Health minister for Lebanon’s caretaker government, Hamad Hassan, said that the adoption of the strategy, permitting odd/even license plate vehicles on the roads on alternate days, had doubled the number of COVID-19 cases due to people’s reliance on shared transportation.

He said: “The rate of commitment to complete closure in all Lebanese territories has reached 70 percent over the past two weeks.”

Hassan said that the aim of the measures was to alleviate the pressure on the medical and nursing staff.

“The required medical measures, completed in terms of expanding the hospitals’ capacity to accommodate the COVID-19 cases, have been completed,” he said.

The death toll in Lebanon has reached 1,000, while the total number of confirmed cases has jumped to more than 126,000 cases, at a rate of more than 1,200 cases per day during the past two weeks.

Abdul Rahman Al-Bizri, an infectious disease specialist and member of the emergency committee on coronavirus, regretted the lack of plans for the period following the closure due to a lack of coordination on COVID-19 between state departments.

He said that this had kept the country in a state of confusion and chaos while citizens paid a high price in light of the difficult economic and living conditions.

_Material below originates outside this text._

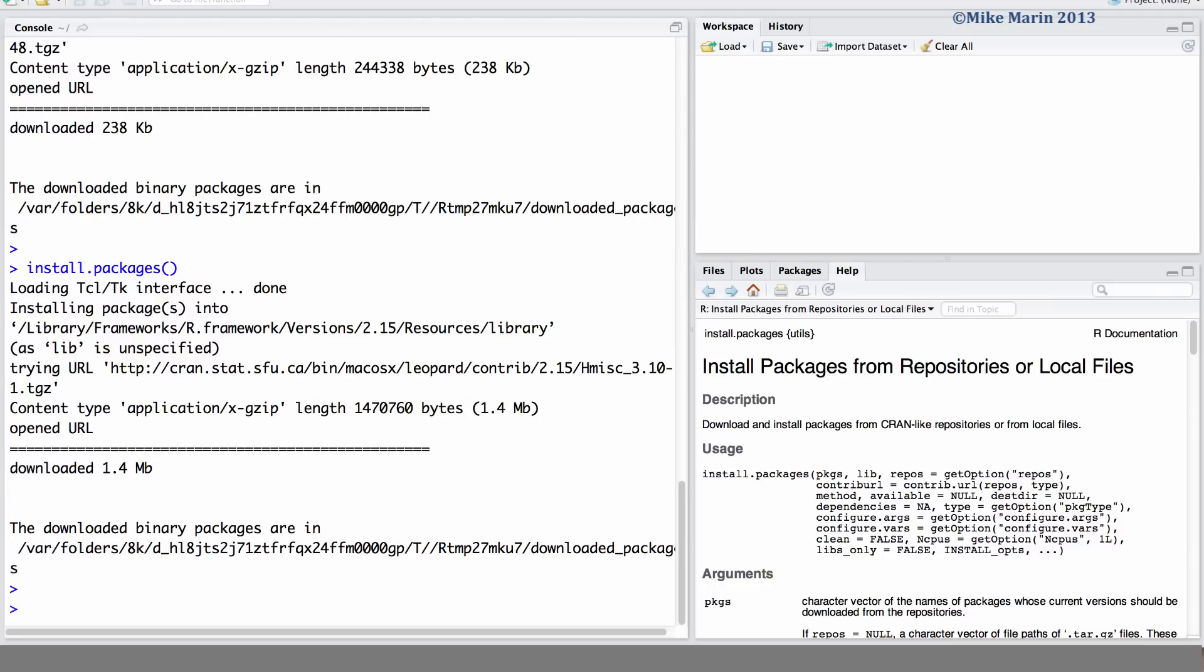A package only needs to be installed once. Once you've installed this package, it's there for life, unless you uninstall it. Although, the commands and functions built into this package are only available to you if you load the library of commands for that package.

Al-Bizri said: “The repeated closures are unsuccessful, and one of their consequences is the decline in economic activity, the life cycle, and the living conditions.”

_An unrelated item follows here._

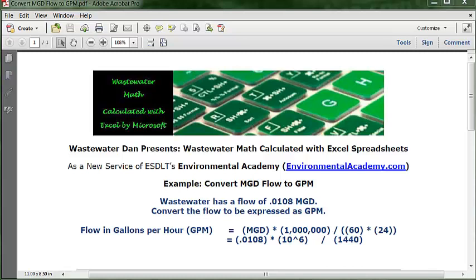The first conversion requires converting from increments of millions — the million gallons per day — to gallons, which requires the use of a conversion factor of one million. The second set of conversions uses time: the D in MGD stands for days, and the M in GPM stands for minutes. So the second set of conversions requires us to convert the time from days to minutes.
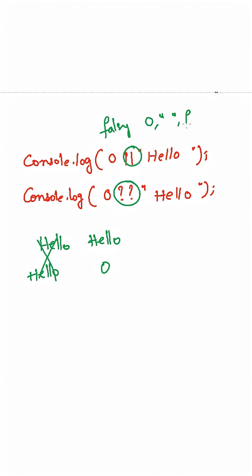These all are considered as falsy values. If it is a falsy value, that will return the right-hand side value. So as zero is a falsy value, it will return hello in this case.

Meanwhile, video footage of Health Minister Hamad Hassan went viral on Saturday. It showed him cutting a cake for the birthday of Hezbollah Secretary-General Hassan Nasrallah in the open market in Baalbek city.

The video was circulated on social media and caused a scandal following a similar episode in which the same minister was involved months ago.

The people of his town in the Bekaa met him during the peak of the spread of coronavirus, and he danced among them carrying a sword. Some people carried him on their shoulders and other social distancing measures were also not observed.

The Syndicate of Owners of Restaurants, Cafes, Night-Clubs and Pastries has called in the past few days for the sector to reopen to save what is left of it.

In a statement issued on the eve of the ministerial committees’ meeting, the syndicate called on the caretaker prime minister, Hassan Diab, to “adopt a health-economic approach for the benefit of the rest of the sector.”

The syndicate added: “The sector has fully fulfilled its duties with regard to the preventive measures.

“We have also advanced a new approach related to the capacity of institutions, whereby chairs and tables are reallocated to accommodate only 50 percent of the original capacity, guaranteeing that no overcrowding will occur.

“We insist on adopting this as a new measure, and we discussed it with the minister of interior, and the sector will reopen its doors on Monday morning while remaining committed to all procedures and laws.”

Bechara Asmar, the head of the General Labor Union, called for the reopening of the country “because it secures a return to the economic cycle during the month of the holidays, protects workers, employees and daily-paid workers in all private, public, and official sectors, and preserves their livelihood at a time when they risk having their wages reduced, starving to death or dying of the coronavirus.”